Search code examples
rword2vectext2vecglove

Glove word embedding model parameters using tex2vec in R, and display training output (epochs) after every n iterations


I am using text2vec package in R for training word embedding (Glove Model) as:

library(text2vec)
library(tm)

prep_fun = tolower
tok_fun = word_tokenizer
tokens = docs %>%  # docs: a collection of text documents  
prep_fun %>% 
tok_fun

it = itoken(tokens, progressbar = FALSE)

stopword <- tm::stopwords("SMART")
vocab = create_vocabulary(it,stopwords=stopword) 

vectorizer <- vocab_vectorizer(vocab)

tcm <- create_tcm(it, vectorizer, skip_grams_window = 6)

x_max <- min(50,max(10,ceiling(length(vocab$doc_count)/100)))
glove_model <- GlobalVectors$new(word_vectors_size = 200, vocabulary = vocab, x_max = x_max,learning_rate = 0.1) 

word_vectors <- glove_model$fit_transform(tcm, n_iter = 1000, convergence_tol = 0.001)

When I run this code I get the following output: enter image description here

My questions are:

  1. Is it possible to have output after every n iterations, i.e. output for epoch 50, 100, 150 and so on.
  2. Any suggestion for optimal values for word_vectors_size, x_max and learning_rate? for example for 10,000 documents, what is the best value for those parameters?

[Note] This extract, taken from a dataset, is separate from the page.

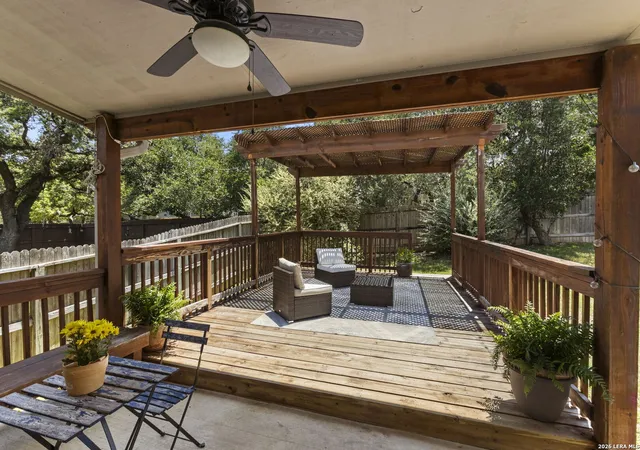 Photo 2 of Single family home for sale at 27328 Sterling Silver, San Antonio, TX 78260 | MLS# 1993296 | Listing updated on 2026-09-24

I appreciate your response.

Many thanks, Sam


Solution

  • There is a member of the GlobalVectors class called n_dump_every. You can set it to some number and the history of word embeddings will be saved. Then it can be retrieved with get_history() function

    glove_model <- GlobalVectors$new(word_vectors_size = 200, vocabulary = vocab, x_max = 100,learning_rate = 0.1) 
    glove_model$n_dump_every = 10
    word_vectors <- glove_model$fit_transform(tcm, n_iter = 1000, convergence_tol = 0.001)
    trace = glove_model$get_history()
    

    Regarding second question -

    • you may try to vary learning rate a bit (usually decrease), but default one should be ok (keep track of the value of cost function).
    • the more data you have the larger value you can provide for word_vectors_size. For wikipedia size 300 is usually enough. For smaller datasets you may start with 20-50. You really need to experiment with this.